I let one of them drive. His name was Sigmund.
In fact, none of them were really bright. They kept punching themselves in the genitals.
I laughed.
They punched me in the genitals.
I stopped laughing.
When I got home, I herded them into my room. They didn't adapt very well to their new environment. They would screech and hurl themselves off the couch at high speeds and slam into the wall. Although humorous at first, the spectacle lost its novelty halfway into it's third hour.
Two hours later I found out why all the monkeys were so inexpensive: they all died.
No apparent reason.
They all just sort of dropped dead. Kinda like when you buy a goldfish and it dies five hours later.
damn cheap monkeys.
I didn't know what to do. There were 200 dead monkeys lying all over my room; on the bed, in the dresser, hanging from my bookcase. It looked like I had 200 throw rugs.
I tried to flush one down the toilet. It didn't work. It got stuck.
Then I had one dead, wet monkey and one hundred ninety-nine dead, dry monkeys.
I tried to pretend that they were just stuffed animals.
That worked for awhile, that is, until they began to decompose.
It started to smell real bad.
I had to pee but there was a dead monkey in my toilet and I didn't want to call a plumber. I was embarrassed.
I tried to slow down the decomposition by freezing them.
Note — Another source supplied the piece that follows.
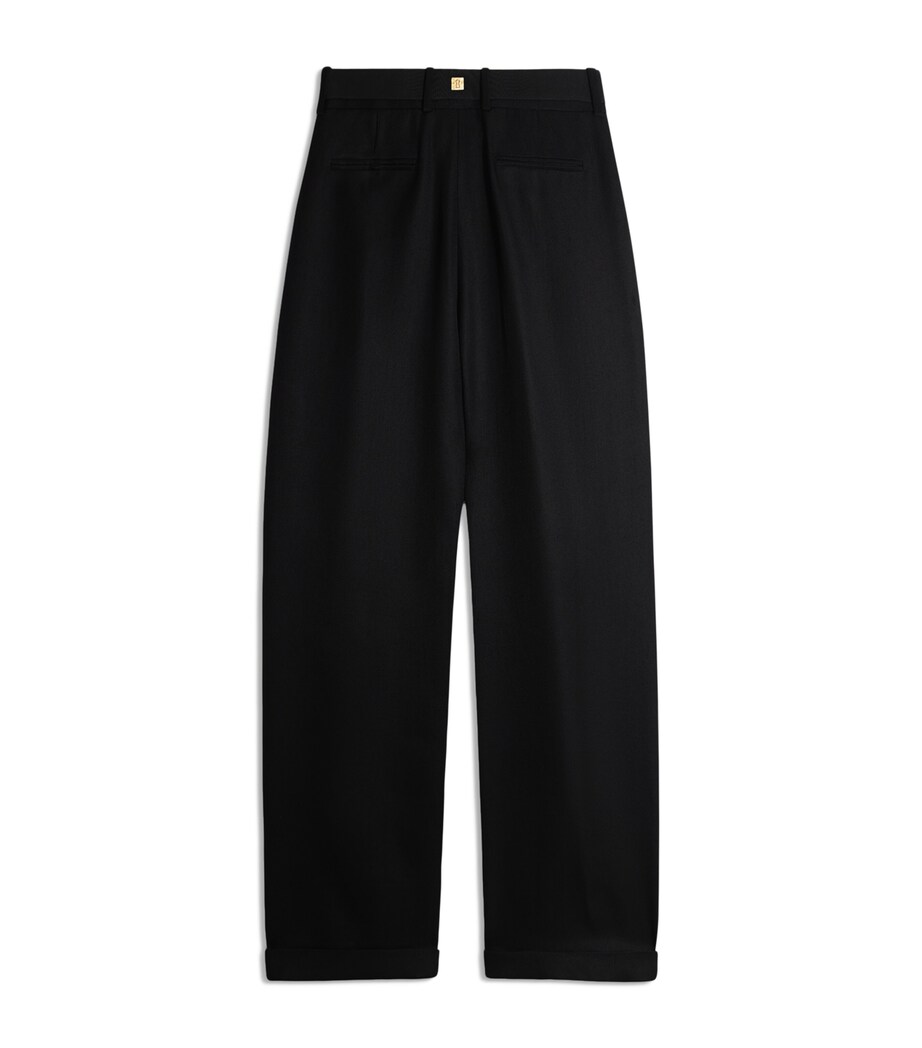 Schiaparelli Womens Oversized Pleated Trousers Black Image 5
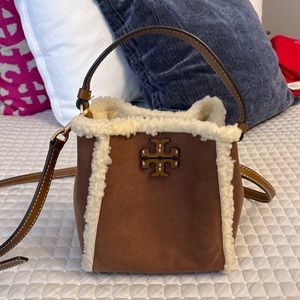 Tory Burch McGraw Shearling Small Bucket Bag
Unfortuantely there was only enough room for two at a time, so I had to change them every 30 seconds. I also had to eat all the food in the freezer so it didn't go bad.
I tried to burn them, but little did I know that my bed was flammable.
I had to extinguish the fire.
Then I had one dead, wet monkey in my toilet, two dead, frozen monkeys in my freezer, and one hundred ninety-seven dead, charred monkeys in a pile on my bed, and The odor wasn't improving.
I became agitated at my inability to dispose of the dead monkeys and I really had to use the bathroom.
So I went and severely beat one of the monkeys.
I felt better.
I tried throwing them away, but the garbage man said the city was not allowed to dispose of charred primates.
I told him I had a wet one. He couldn't take it either.
I didn't bother asking about the frozen ones.
I finally arrived at a solution: I gave them out as Christmas gifts.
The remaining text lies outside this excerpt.